> **What is expected**:
What is needed is the exact text of each line in the listing below from the one with "ANTOWALL 7pcs/set Japanese" up to and including the one with "Aver Full Size", and no pictures.

> **Data supplied**:
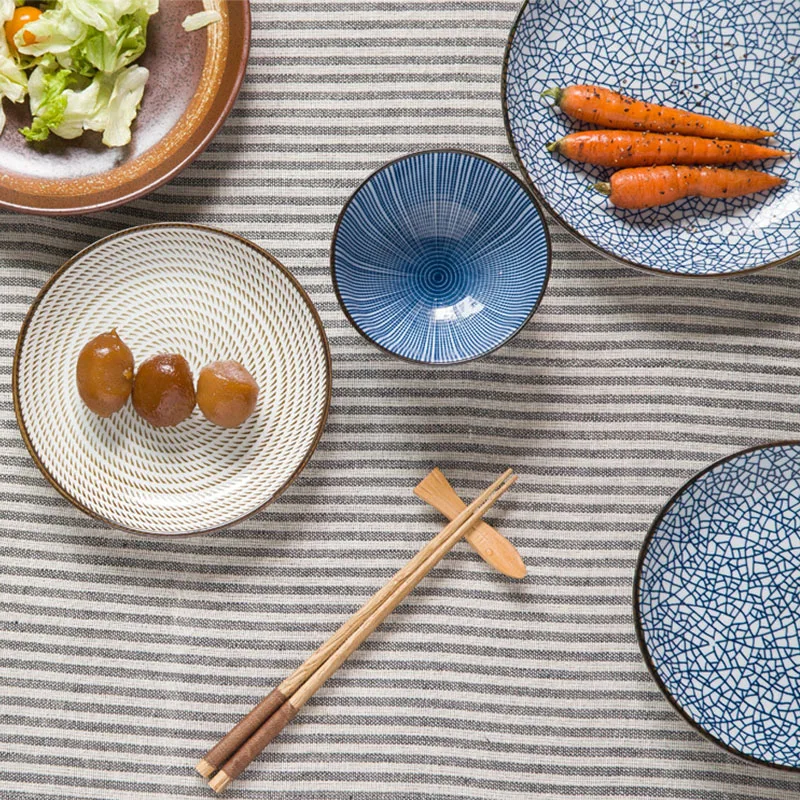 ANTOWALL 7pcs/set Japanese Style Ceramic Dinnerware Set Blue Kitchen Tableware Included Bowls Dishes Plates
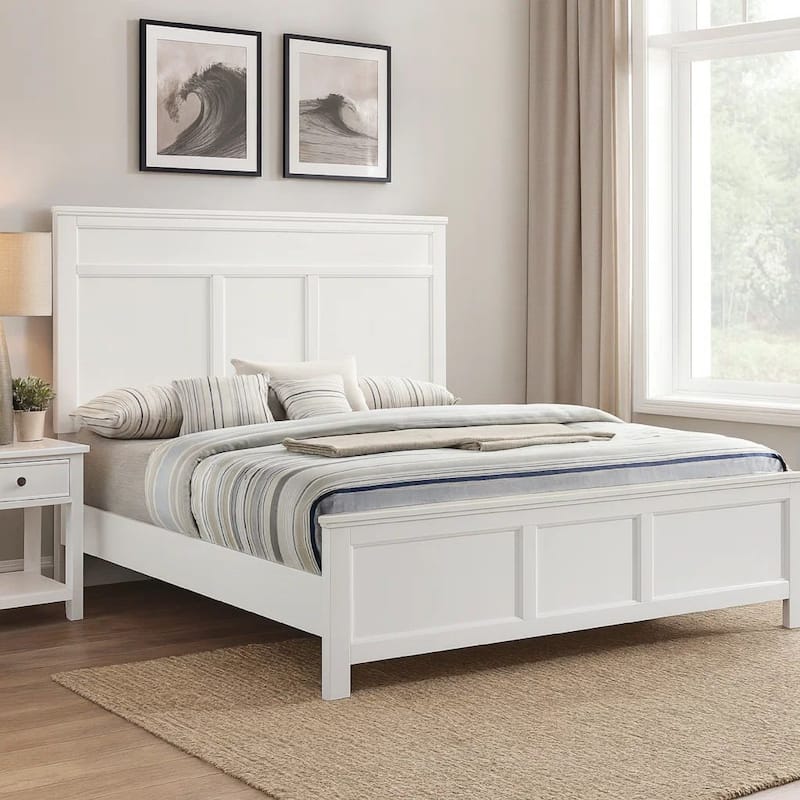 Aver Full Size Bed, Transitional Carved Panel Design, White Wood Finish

---

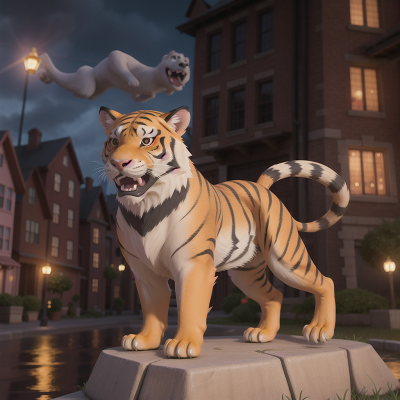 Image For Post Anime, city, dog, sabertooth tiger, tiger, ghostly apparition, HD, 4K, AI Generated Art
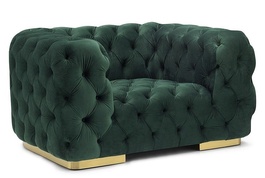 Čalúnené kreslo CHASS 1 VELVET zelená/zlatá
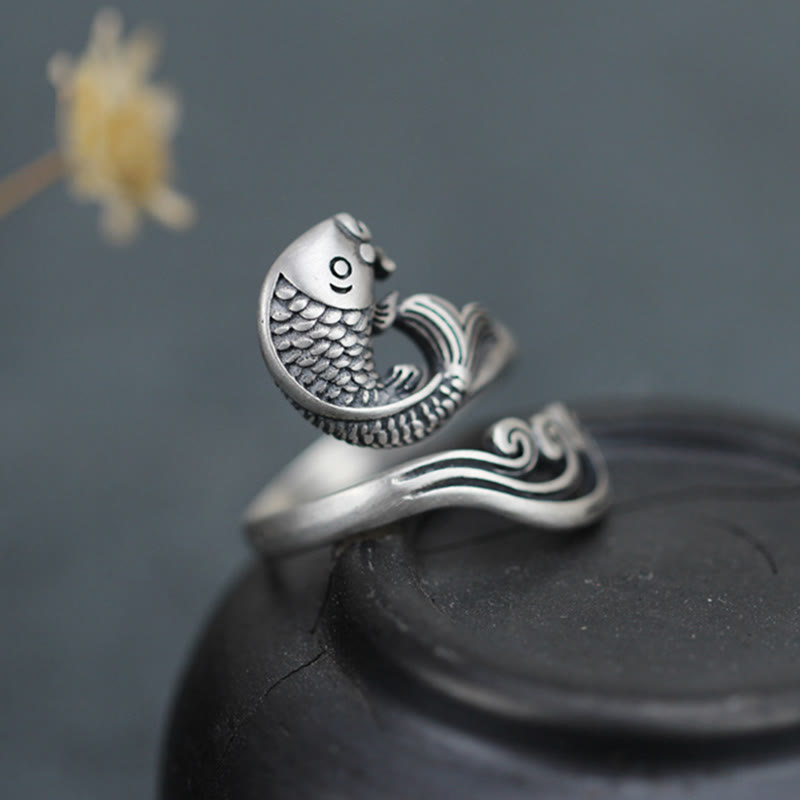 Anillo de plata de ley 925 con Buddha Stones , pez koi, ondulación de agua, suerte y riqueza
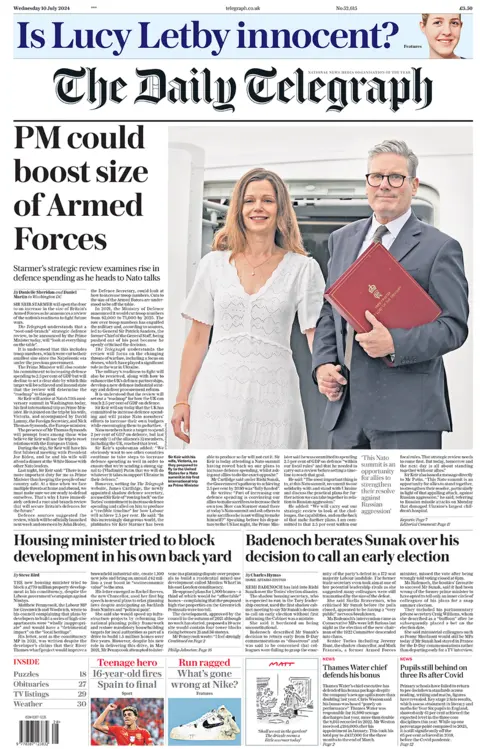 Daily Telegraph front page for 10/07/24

==

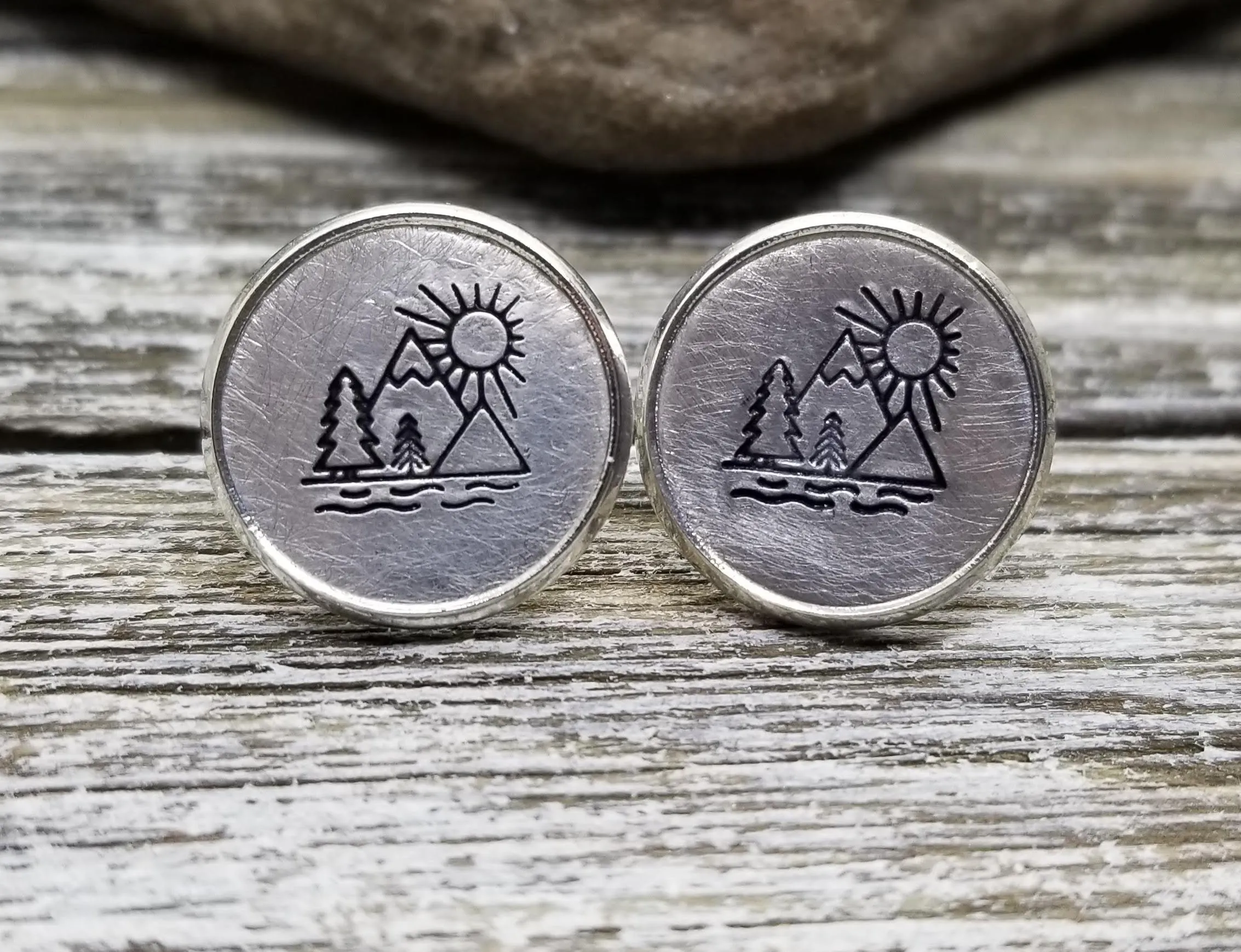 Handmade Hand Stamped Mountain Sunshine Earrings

> **Solution to this task**:
 ANTOWALL 7pcs/set Japanese Style Ceramic Dinnerware Set Blue Kitchen Tableware Included Bowls Dishes Plates
 Aver Full Size Bed, Transitional Carved Panel Design, White Wood Finish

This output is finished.